Problem statement >>
Note on the material below: return exactly the lines from the line that holds "Flowmaster 03-07 Dodge" through the line that holds "Auf den Hund", and leave out each picture.

Data supplied >>
*** Begin section ***

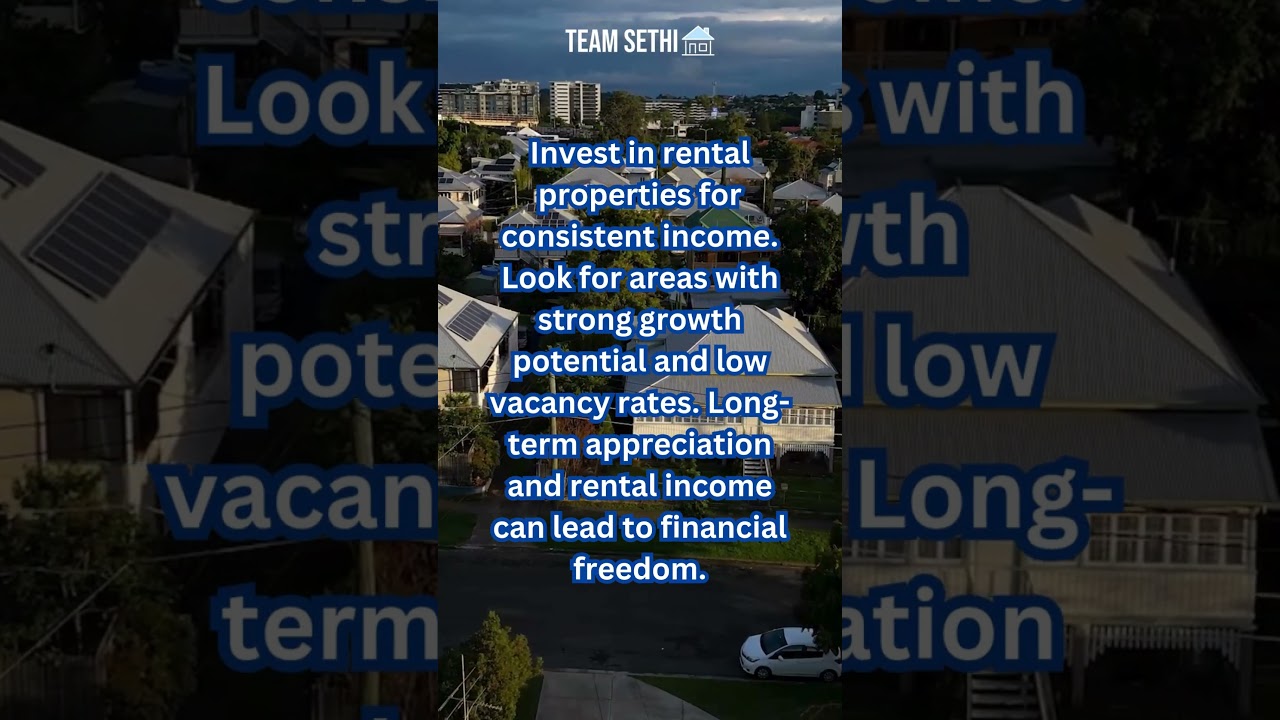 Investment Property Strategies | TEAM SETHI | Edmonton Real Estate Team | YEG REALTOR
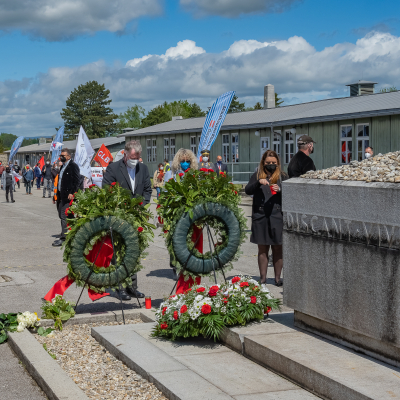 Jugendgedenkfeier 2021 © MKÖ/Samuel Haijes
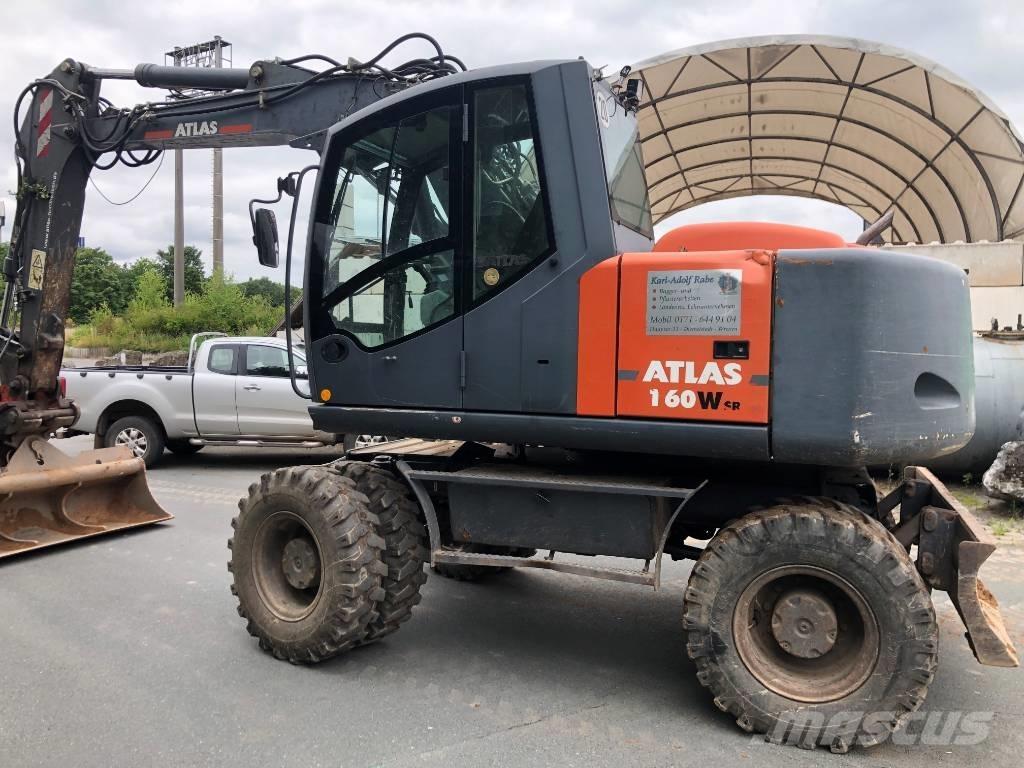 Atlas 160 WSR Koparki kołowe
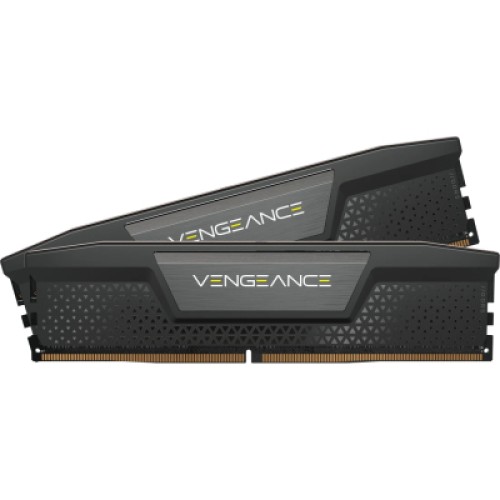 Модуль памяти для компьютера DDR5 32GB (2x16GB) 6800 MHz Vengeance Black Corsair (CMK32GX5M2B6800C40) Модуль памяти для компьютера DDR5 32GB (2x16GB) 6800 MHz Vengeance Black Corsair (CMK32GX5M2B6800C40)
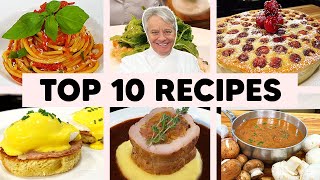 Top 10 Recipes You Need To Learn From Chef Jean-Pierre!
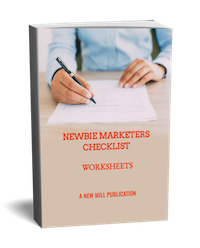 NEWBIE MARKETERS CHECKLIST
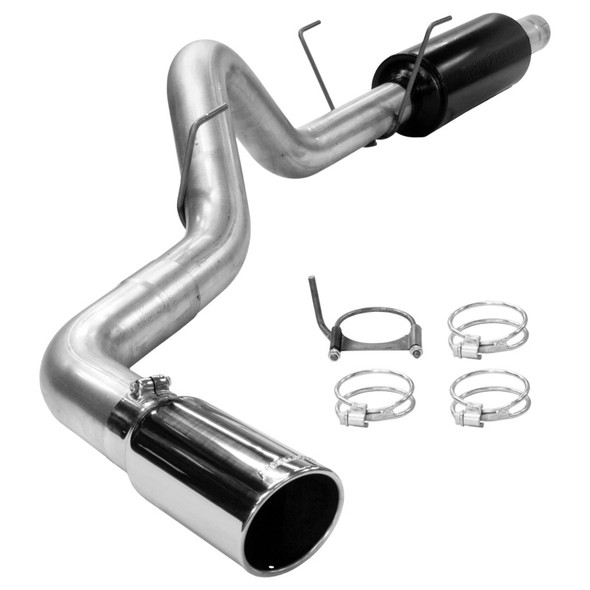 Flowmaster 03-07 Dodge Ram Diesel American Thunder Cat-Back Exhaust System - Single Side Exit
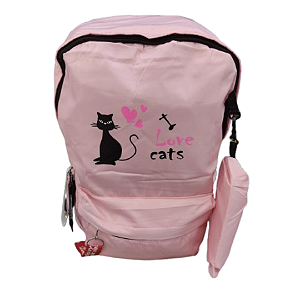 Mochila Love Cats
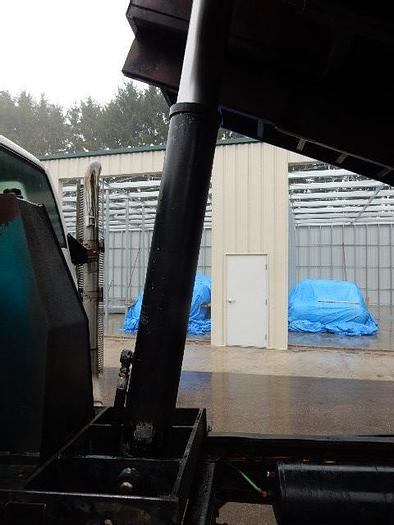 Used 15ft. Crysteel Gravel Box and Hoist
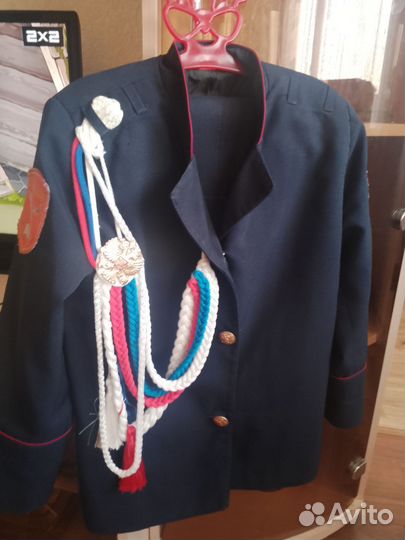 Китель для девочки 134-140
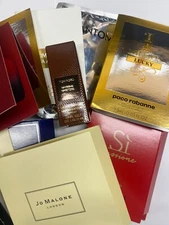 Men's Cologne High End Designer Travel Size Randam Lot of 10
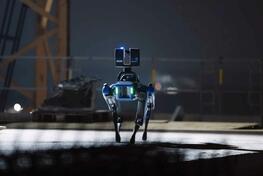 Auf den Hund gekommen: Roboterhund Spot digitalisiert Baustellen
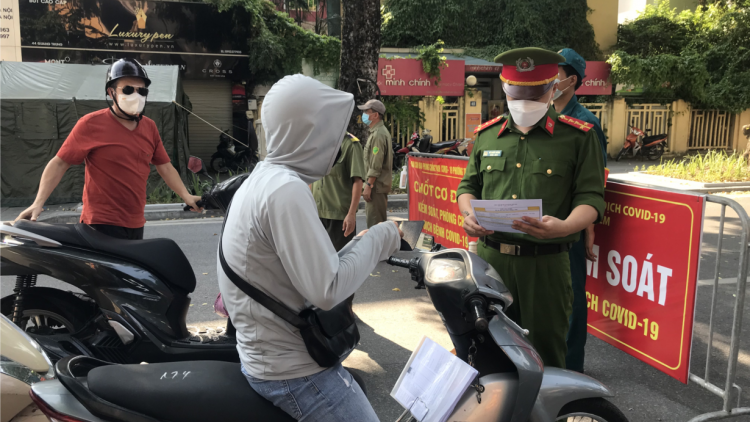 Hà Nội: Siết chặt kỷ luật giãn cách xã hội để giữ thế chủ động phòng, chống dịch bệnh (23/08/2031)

*** End section ***
*** Begin section ***

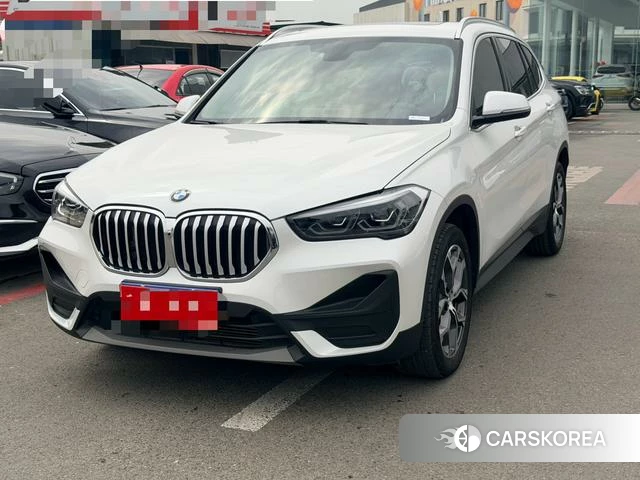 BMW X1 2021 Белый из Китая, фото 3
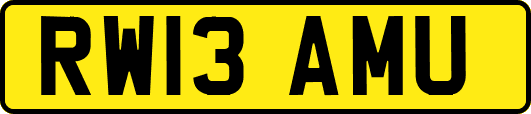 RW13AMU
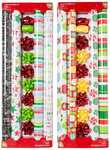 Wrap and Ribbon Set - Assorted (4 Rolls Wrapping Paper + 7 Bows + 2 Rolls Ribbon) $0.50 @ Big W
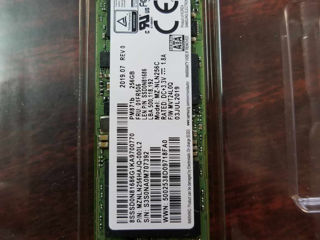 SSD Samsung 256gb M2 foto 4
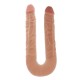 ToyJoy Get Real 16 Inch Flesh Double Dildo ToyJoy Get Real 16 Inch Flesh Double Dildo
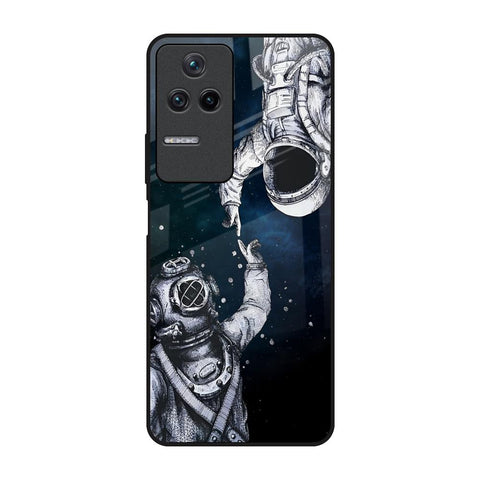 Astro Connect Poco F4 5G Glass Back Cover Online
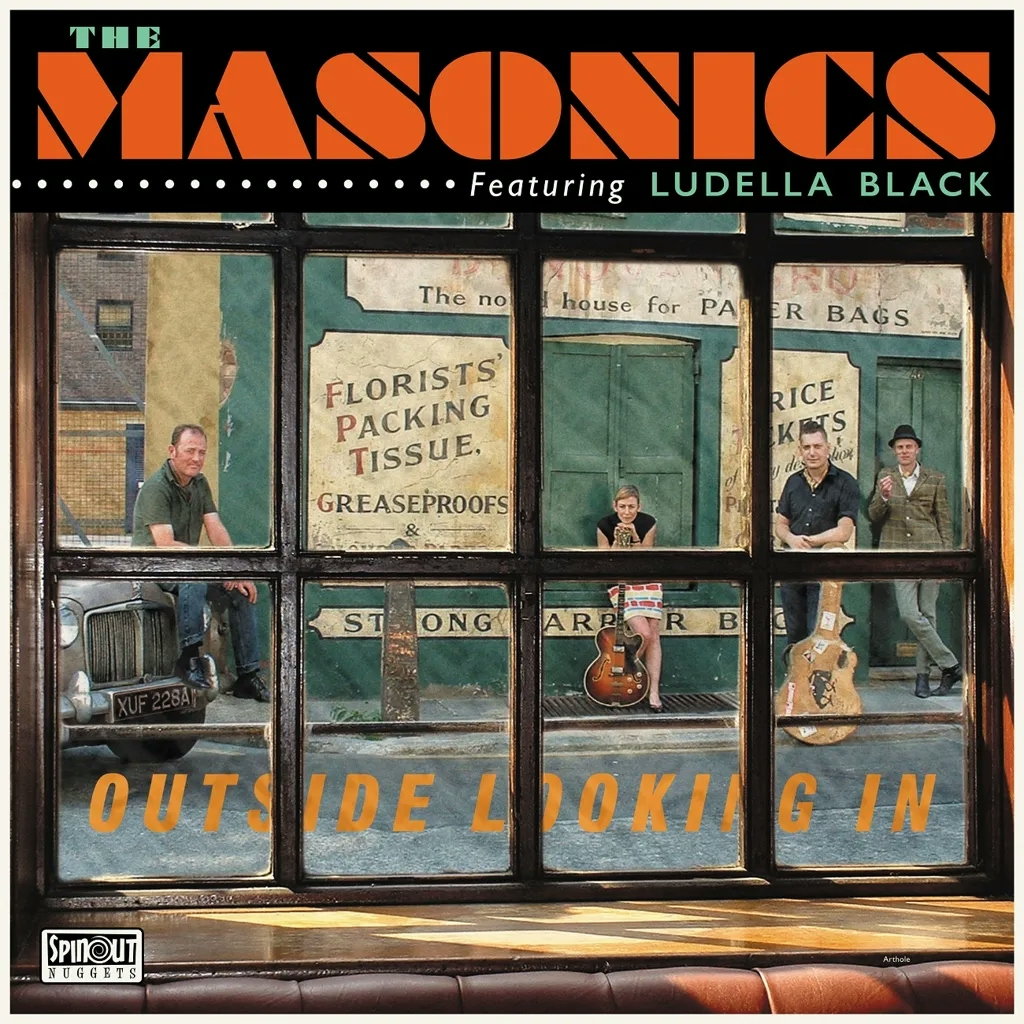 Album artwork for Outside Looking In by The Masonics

*** End section ***
*** Begin section ***

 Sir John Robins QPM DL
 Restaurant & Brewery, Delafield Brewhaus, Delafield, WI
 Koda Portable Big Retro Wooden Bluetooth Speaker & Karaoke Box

*** End section ***

Task output >>
 Flowmaster 03-07 Dodge Ram Diesel American Thunder Cat-Back Exhaust System - Single Side Exit
 Mochila Love Cats
 Used 15ft. Crysteel Gravel Box and Hoist
 Китель для девочки 134-140
 Men's Cologne High End Designer Travel Size Randam Lot of 10
 Auf den Hund gekommen: Roboterhund Spot digitalisiert Baustellen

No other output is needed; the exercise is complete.